So, very conservatively, we could add two more subsystems of the same capacity as the first, each with its own penstock(s) and powerhouse (but using a shared control and grid management system, maintenance, security, and other functions). This would increase both energy and power by a factor of at least 3, for a total of 42.6 GWh and 4.26 gigawatts, making the Ragtown facility the largest energy storage system in the world, both by energy (exceeding Raccoon Mountain’s 36 GWh) and by power (exceeding Bath County’s 3 GW).

(The Fengning Pumped Storage Power Station in China, now under construction, will have a maximum power of 3.6 GW. I haven’t found published energy numbers for this system, but the information at Wikipedia claims 40 million cubic meters of usable water volume and 424 meters head, which at 75% round-trip efficiency would work out to 36 GWh.)

Water supply

Phase 1 would require one canal’s worth of water, 18.75 million cubic meters. (This is 4.95 billion gallons, or 15,200 acre-feet.)

Though the water in EPS should last indefinitely, getting that initial fill is a challenge that will be unique to each site.
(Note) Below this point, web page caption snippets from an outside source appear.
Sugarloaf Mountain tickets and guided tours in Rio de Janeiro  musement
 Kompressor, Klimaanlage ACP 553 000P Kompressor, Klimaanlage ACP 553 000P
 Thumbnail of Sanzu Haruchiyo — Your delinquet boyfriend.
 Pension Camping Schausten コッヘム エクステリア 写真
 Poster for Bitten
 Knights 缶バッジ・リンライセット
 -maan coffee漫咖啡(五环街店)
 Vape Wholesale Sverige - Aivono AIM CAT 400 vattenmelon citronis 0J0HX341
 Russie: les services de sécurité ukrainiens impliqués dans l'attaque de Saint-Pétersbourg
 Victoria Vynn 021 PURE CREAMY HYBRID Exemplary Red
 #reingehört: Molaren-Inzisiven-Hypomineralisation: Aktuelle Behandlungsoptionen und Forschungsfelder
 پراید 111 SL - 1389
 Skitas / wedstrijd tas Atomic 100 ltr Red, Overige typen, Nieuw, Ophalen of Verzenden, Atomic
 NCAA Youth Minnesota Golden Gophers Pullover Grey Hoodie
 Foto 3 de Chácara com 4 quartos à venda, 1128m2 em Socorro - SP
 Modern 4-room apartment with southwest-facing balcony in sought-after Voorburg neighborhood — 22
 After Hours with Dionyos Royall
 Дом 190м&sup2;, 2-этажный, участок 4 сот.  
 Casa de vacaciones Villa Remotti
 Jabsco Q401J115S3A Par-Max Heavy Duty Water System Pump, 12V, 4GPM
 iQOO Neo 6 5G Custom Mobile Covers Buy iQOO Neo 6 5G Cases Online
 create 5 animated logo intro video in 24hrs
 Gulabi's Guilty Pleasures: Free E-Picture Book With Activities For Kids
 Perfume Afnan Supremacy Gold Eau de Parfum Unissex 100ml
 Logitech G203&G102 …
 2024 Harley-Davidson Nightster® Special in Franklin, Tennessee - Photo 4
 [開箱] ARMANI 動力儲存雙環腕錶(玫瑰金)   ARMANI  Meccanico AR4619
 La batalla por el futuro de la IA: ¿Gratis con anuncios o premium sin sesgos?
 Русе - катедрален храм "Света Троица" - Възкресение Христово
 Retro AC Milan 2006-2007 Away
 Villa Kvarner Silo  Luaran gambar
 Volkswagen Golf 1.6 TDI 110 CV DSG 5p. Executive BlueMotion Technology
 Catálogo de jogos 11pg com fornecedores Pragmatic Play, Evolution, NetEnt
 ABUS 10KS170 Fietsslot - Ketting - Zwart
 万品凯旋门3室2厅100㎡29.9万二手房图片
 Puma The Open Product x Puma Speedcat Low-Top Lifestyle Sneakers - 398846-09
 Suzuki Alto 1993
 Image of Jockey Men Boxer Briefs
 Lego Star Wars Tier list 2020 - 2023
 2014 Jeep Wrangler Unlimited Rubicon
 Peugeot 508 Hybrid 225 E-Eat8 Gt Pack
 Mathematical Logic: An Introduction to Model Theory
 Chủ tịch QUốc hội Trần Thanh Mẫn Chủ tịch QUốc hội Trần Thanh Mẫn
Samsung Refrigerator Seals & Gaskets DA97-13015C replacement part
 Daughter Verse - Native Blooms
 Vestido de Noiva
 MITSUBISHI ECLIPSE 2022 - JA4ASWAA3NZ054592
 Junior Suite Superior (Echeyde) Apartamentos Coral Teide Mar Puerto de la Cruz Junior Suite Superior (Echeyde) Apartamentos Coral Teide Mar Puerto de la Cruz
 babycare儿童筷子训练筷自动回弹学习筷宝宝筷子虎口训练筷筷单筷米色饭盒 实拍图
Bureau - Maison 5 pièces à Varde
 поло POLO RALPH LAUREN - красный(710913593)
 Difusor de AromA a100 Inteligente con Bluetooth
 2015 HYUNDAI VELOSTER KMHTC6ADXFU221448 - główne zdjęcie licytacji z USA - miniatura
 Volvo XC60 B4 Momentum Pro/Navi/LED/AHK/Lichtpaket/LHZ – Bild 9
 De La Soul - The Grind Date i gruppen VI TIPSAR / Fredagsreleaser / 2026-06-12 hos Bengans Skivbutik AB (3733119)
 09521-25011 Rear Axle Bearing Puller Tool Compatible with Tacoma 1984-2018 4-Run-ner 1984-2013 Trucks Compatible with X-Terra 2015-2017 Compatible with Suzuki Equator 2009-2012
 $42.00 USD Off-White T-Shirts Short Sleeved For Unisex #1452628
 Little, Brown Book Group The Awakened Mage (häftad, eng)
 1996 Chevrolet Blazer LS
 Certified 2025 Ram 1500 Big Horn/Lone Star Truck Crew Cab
It definitely helps that EPS water doesn’t need to be potable, or even treatable to be safe for human use. The water can contain a variety of non-particulate pollutants, from solvents to heavy metals, as long as they are compatible with the plastic and steel that contacts the water. (Water that’s very brackish—salty—corrodes steel, so such water could only be used if diluted with fresher water.) In general, there are many more water wells that produce non-potable water than produce potable water, and non-potable water is not as valuable. A well field at the site, or close enough for a temporary pipeline to the lower storage, is the easiest solution.

If that isn’t possible, and we need to bring in water, the Ragtown site fortunately has a railway line less than 5 miles from the lower canal(s)8. A temporary pipeline would close the gap. Trucking in water would probably be prohibitively expensive.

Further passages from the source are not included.